2度の失格が原因とはいえ、今期はチャレンジに落ちた。もうあとがないという危機感から、6、7、8月は「命を削るくらい練習した」と話すが、思うような結果は残せなかった。8月函館では予選7着で2日目からシリーズを途中欠場。これが転機となった。

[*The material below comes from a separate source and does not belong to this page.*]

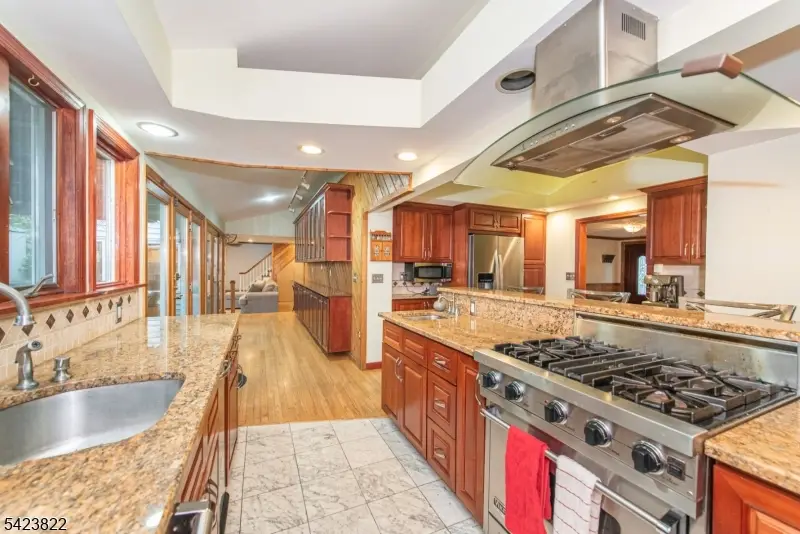 47 Laurel Dr, Packanack Lake, NJ 07470 - #3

「そこからは疲れを取ることを考えようと思った。今は夏場の練習量の5分の1くらい。その分、集中して練習でも出し切れるようになったし、競走がすごく楽になった」
息子の力也(119期)の言葉にも気づきがあった。
「函館の後、力也に『お父さん、僕には力まずに乗れって言うのに、力み過ぎてるんじゃない?』って。力也にハンドル周りを見てもらったら、楽に乗れた。いい意味で肩の力が抜けた。そこからは僕としたら快進撃ですね。本当にいいタイミングだった」
続く8月岐阜は決勝に乗れなかったが、シリーズ2勝。9月福井は連勝で勝ち上がって決勝でも確定板に載った。やってきたことは無駄ではなかった。
「我慢の練習をしたし、苦しんだ分、いいものにしたい。今はいろいろ見えて楽しめているかな。慕ってくれる子もいるんでね。僕が頑張って成績を出せば。まだまだ必要とされる人間でいたい」
10月で57歳、残る同期も疋田を含め7人になってしまった。
「残っている中では僕が一番の劣等生。でも僕はコツコツやるタイプだから、そう簡単には崩れないですよ。競輪学校では1番になれなかったから、同期で現役最後の1人。そこを目指したい」
1月からはA級2班に戻る。疋田の競輪人生は、まだまだ続く。